Being a gay activist in India is like suddenly becoming invisible to the world around you and all its inhabitants. You are screaming to your friends and loved ones that they should listen to you, that you are here but they can’t see you or hear you. You turn to your enemies but they can’t see or hear you either. It is not just the state that does not recognize you, to whom you are an illegible subject, everyone around you, friend and enemy alike, erases you.

How many times in how many dharnas and meetings have you bitten your tongue and held your peace because somehow you convince yourself once again that this is not the right time, this is not the right place, women or Dalits or adivasis are more important and their issues are more important at the moment and sexuality’s time has not yet come? How many times have you reached home in a state of rage, blinded by your own tears because you are furious with yourself for having convinced yourself that way?

How does it feel to be insulted, marginalized, abused by your own ‘community’ because you are not joining their feel-good, neoliberal party, because not only can’t you be queer, you think queer is the most rightwing, complicit, oppressive, and elitist subject position to inhabit? How does one suffer the alienation from one’s own constituency because it is taken over by marauding upper class, upper caste twits who have been seeing too much US TV and think queer? How long does your laughter last when you are called the Baba Ramdev of the same-sex movement? When does it turn into tears at the irony of the situation?

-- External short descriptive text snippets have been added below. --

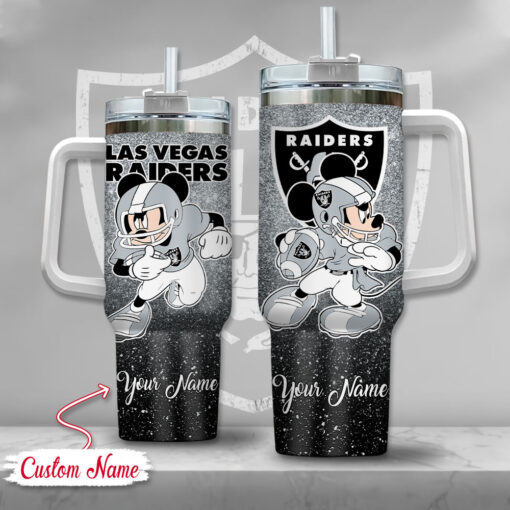 las vegas raiders nfl mickey mouse glitter custom stanley quencher 40oz stainless steel tumbler with handle kbfkd 1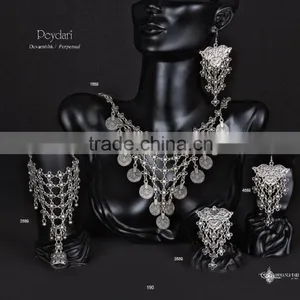 Ring Earring Bracelet Necklace Turkish Ottoman Antique Culture Jewelry Set Made in Turkey thumbnail-6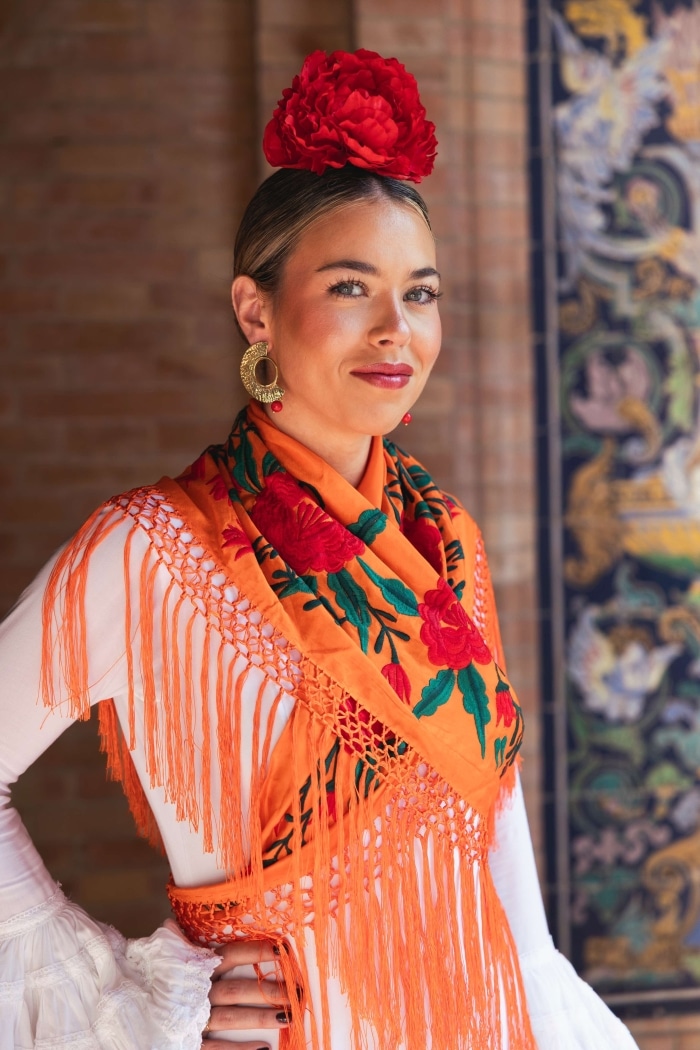 Mantón Gabriela Flores Rojas - Naranja M283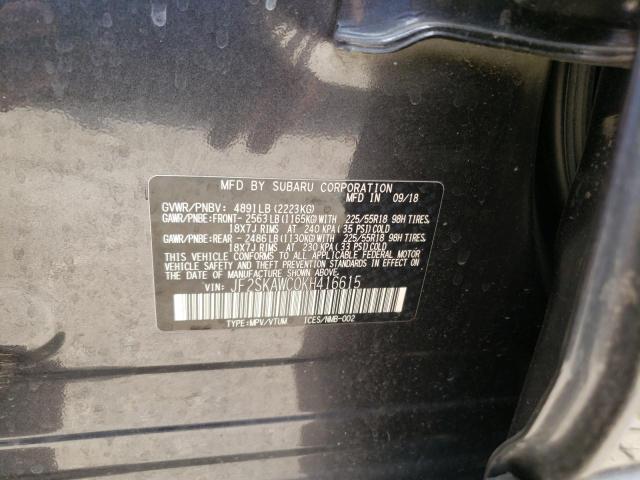 Photo 9 VIN: JF2SKAWC0KH416615 - SUBARU FORESTER T 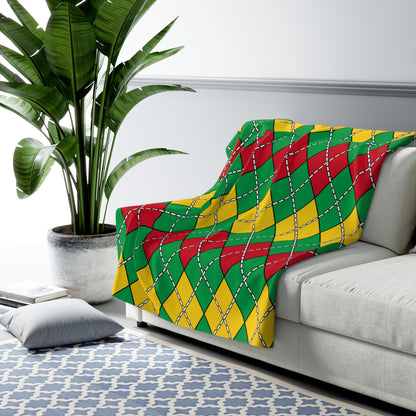 Guinea Bissau Retro Argyle Blanket Throw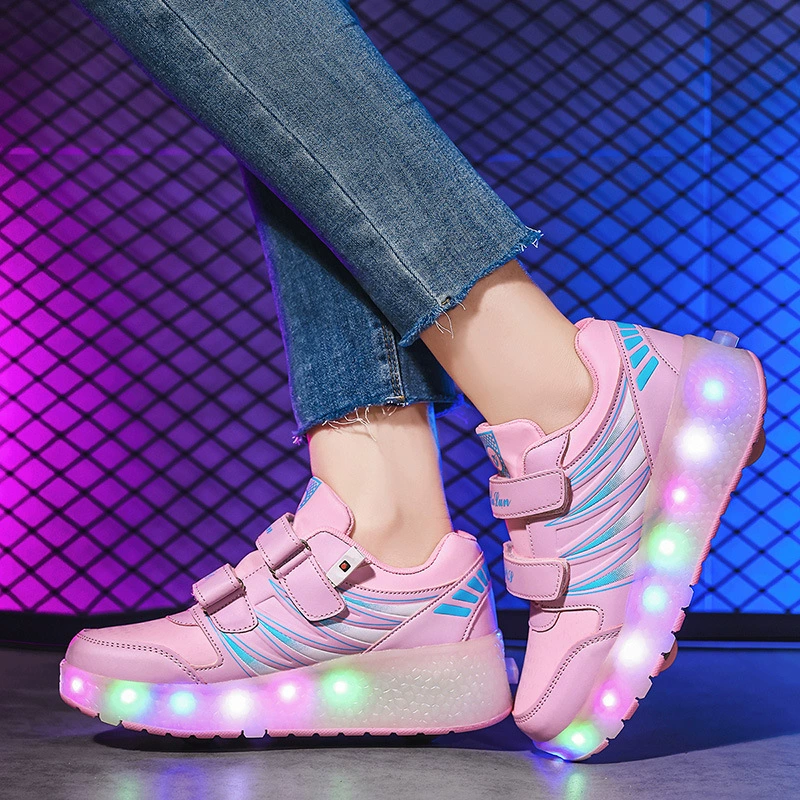 Patines con Luces USB para Niñas, Zapatos de Skate con Ruedas Ocultas, para Exterior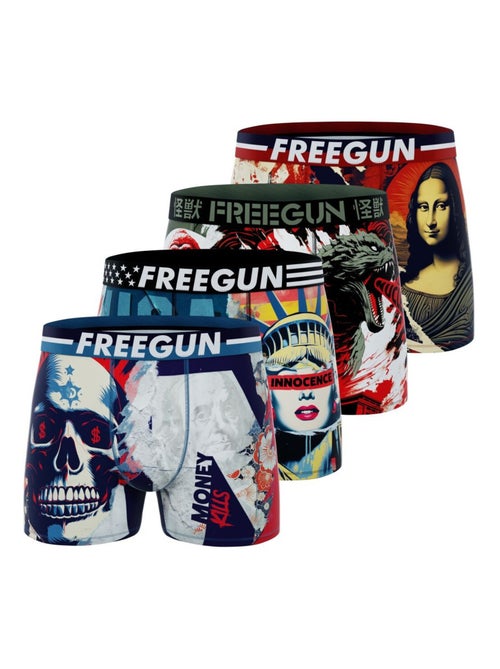 Lot de 4 boxers homme Pop Art Style  Freegun - Kiabi
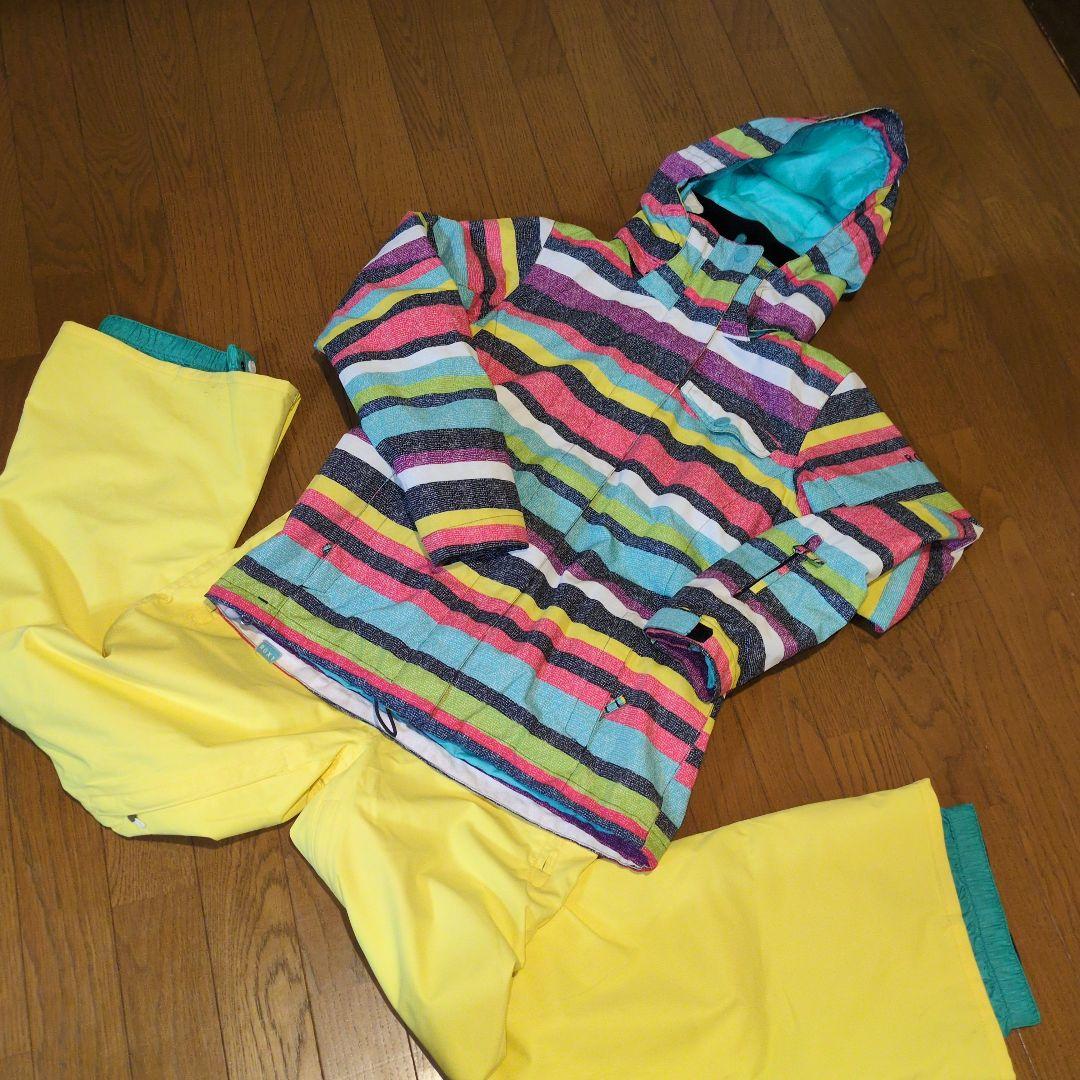 ROXY　スノボウェア　上下セット　Ｓ　ボーダー　マルチカラー　イエロー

How does one endure the stares, the barely tolerant gaze of the Dalit, the Kashmiri, the Muslim, the Christian, the feminist, the adivasi, the displaced, the submerged, the marginalized, the disenfranchised who find it in themselves through all their own suffering to hate you for your sexual orientation? What do you make of the Dalit magazine which refuses to publish your article where you speak of being Dalit as well as gay? How do you look your Left comrades in the eye when they have refused to stand by you as College Principals have denied you a job and smeared your name with the worst charges and then they refuse to come testify on your behalf? How do you continue to work with feminists who accuse you of being in love with and having an affair with the men they love even when you are not in love with those men? How do you deal with revolutionary straight men who presume you want to sleep with them and who do not think your politics is worth any more than your desire to suck their dicks? How might you continue to smile at the adivasi activist who asks you why you are not married and how will you die alone? How do you continue to speak to the Christian missionary fighting for Dalit rights with all the compassion of Christ but who spews homophobic bile after the High Court judgment reads down Section 377? What do you say to the beautiful Kashmiri man who wants azaadi but not for Kashmiri women from Kashmiri patriarchy and certainly not for you who he openly says does not exist even as you, weak with desire for him, are staring into his eyes? What do you say to the CPM lesbian but closeted academic who tells you officially that lesbians can’t march in the March 8, International Women’s Day, march because LGBT issues are ‘Western’ and disconnected and will derail the real issues at hand which include industrial labour and slum demolition.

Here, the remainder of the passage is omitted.